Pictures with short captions
:::

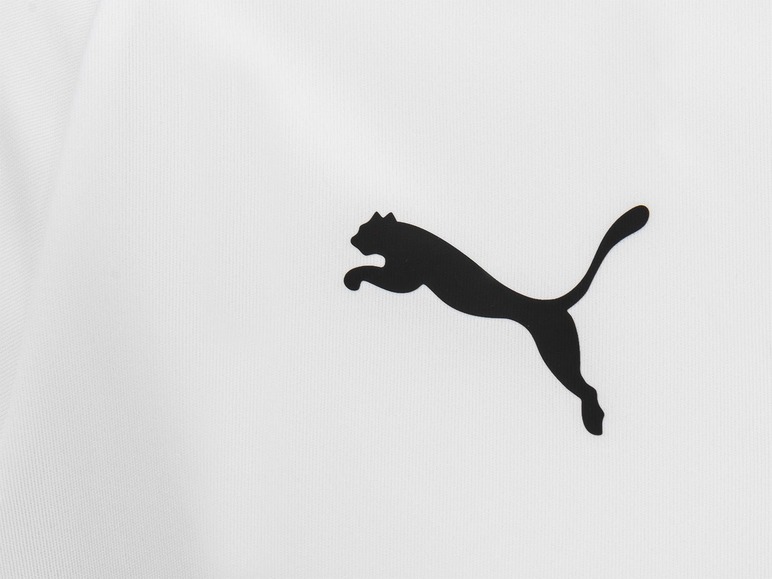  Zobrazit na celou obrazovku Puma Pánské funkční triko Liga Jersey Core - Obrázek 3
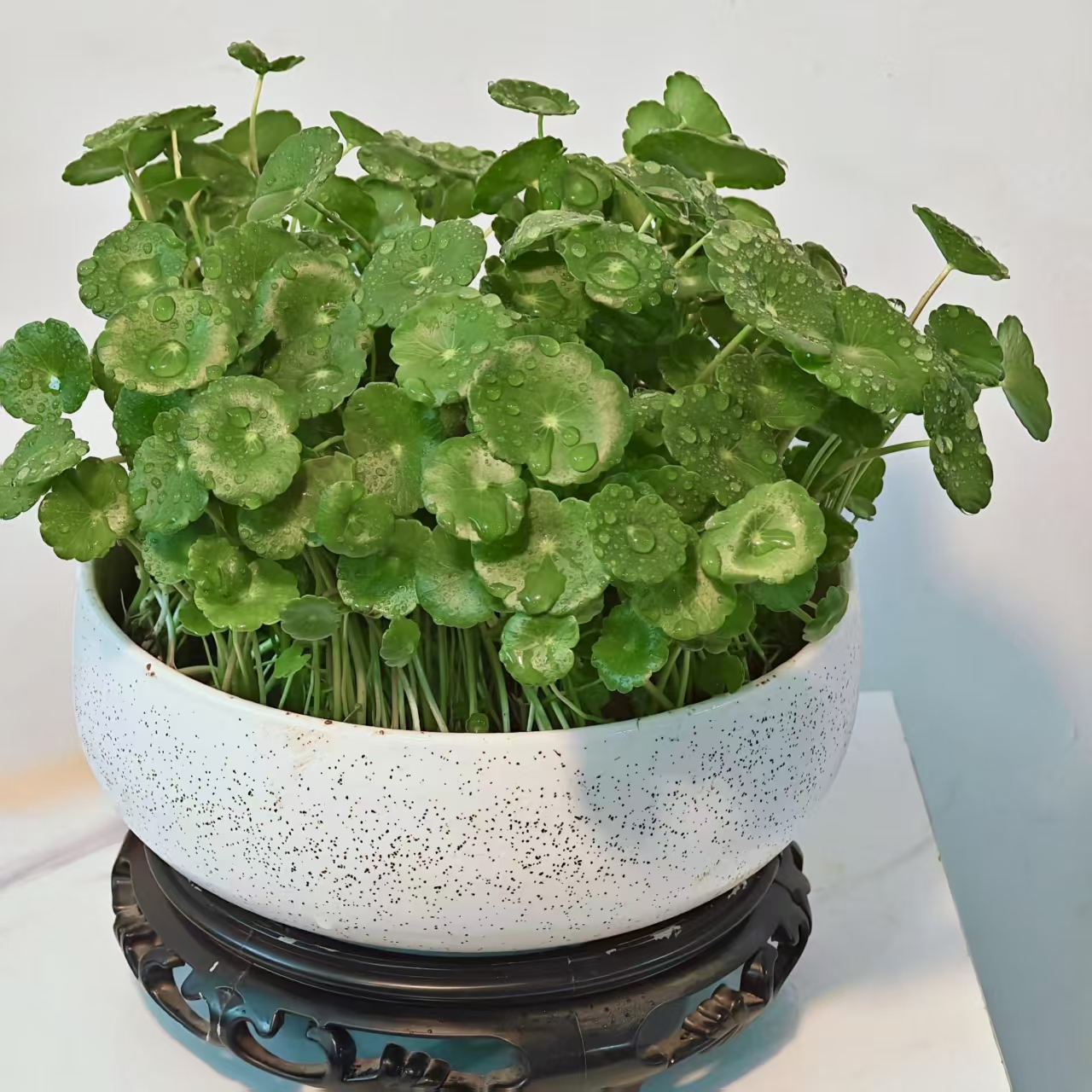 铜钱草种子水培室内盆栽种子四季金钱草种子防辐射绿植种子水草 - 图0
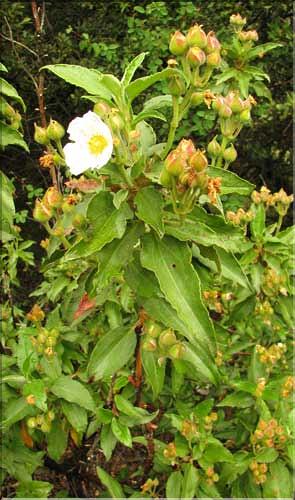 Cistus_laurifolius2_SP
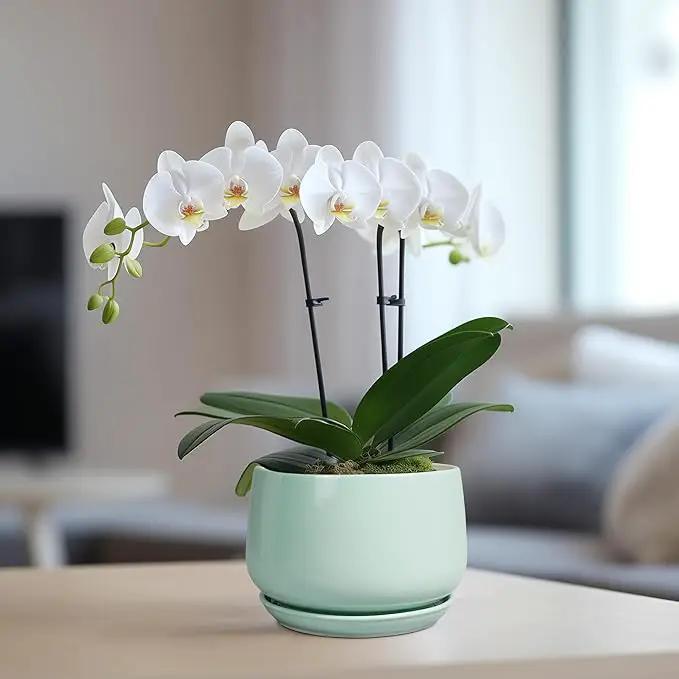 G EPGardening Ceramic Plant Pots - 6 Inch Pot for Plants, Ceramic Planter with Drainage and Saucer, Flower Indoor Outdoor Planter, Modern Bathroom Decor, Birthday Gifts, Green by GreenHaven Gardens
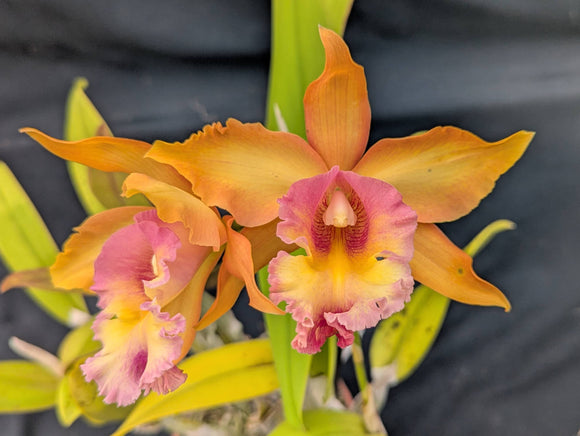 Rlmcp. Graf's Morocota <br>Blc. Shinfong Louhyang 'New City Gold' x <br> Mcp. brysiana 'Naranja' (6
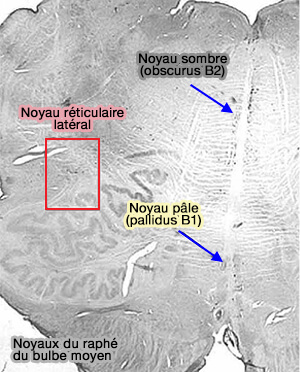 Noyaux du raphé du bulbe moyen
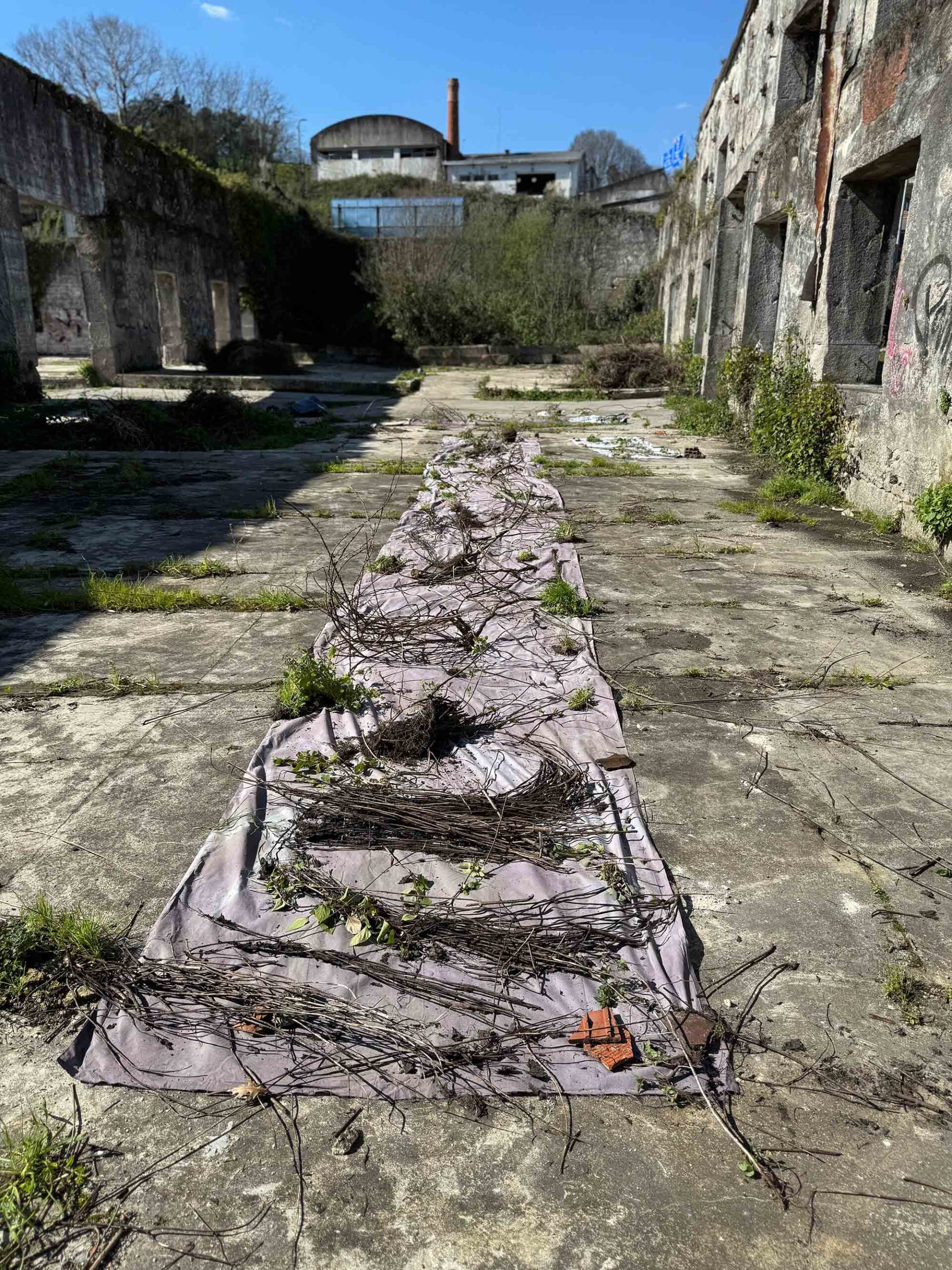 msdm-OLHO-VERDE-HERBARIO-ANTROPOCENO-solar-printing-03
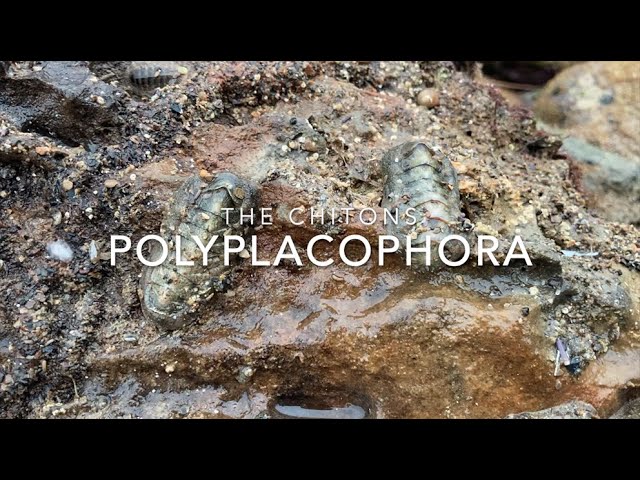 Pronúncia de vídeo de Polyplacophora em Inglês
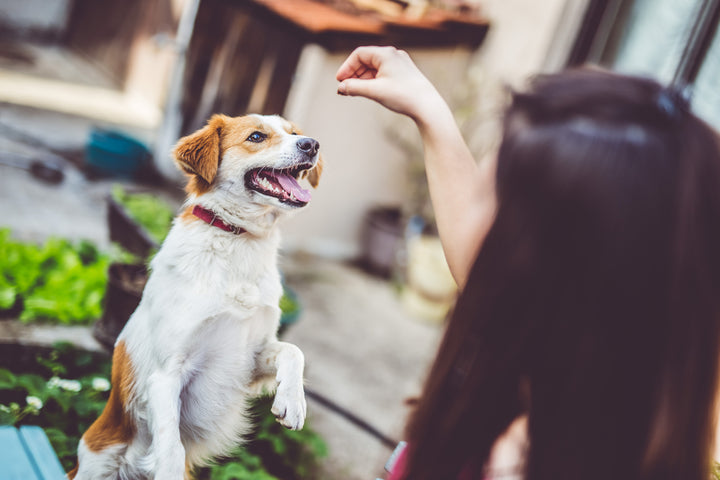 Best Dog Probiotics: Types, Pros, Cons, & More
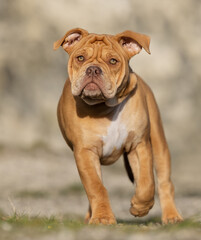 bulldog puppy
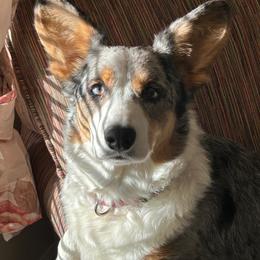 Cora - Cardigan Welsh Corgi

:::

## DESCRIPTION OF THE TASK
None of the pictures should appear; the rest of the entries must be reproduced exactly.

## ANSWER BOX
  Zobrazit na celou obrazovku Puma Pánské funkční triko Liga Jersey Core - Obrázek 3
 铜钱草种子水培室内盆栽种子四季金钱草种子防辐射绿植种子水草 - 图0
 Cistus_laurifolius2_SP
 G EPGardening Ceramic Plant Pots - 6 Inch Pot for Plants, Ceramic Planter with Drainage and Saucer, Flower Indoor Outdoor Planter, Modern Bathroom Decor, Birthday Gifts, Green by GreenHaven Gardens
 Rlmcp. Graf's Morocota <br>Blc. Shinfong Louhyang 'New City Gold' x <br> Mcp. brysiana 'Naranja' (6
 Noyaux du raphé du bulbe moyen
 msdm-OLHO-VERDE-HERBARIO-ANTROPOCENO-solar-printing-03
 Pronúncia de vídeo de Polyplacophora em Inglês
 Best Dog Probiotics: Types, Pros, Cons, & More
 bulldog puppy
 Cora - Cardigan Welsh Corgi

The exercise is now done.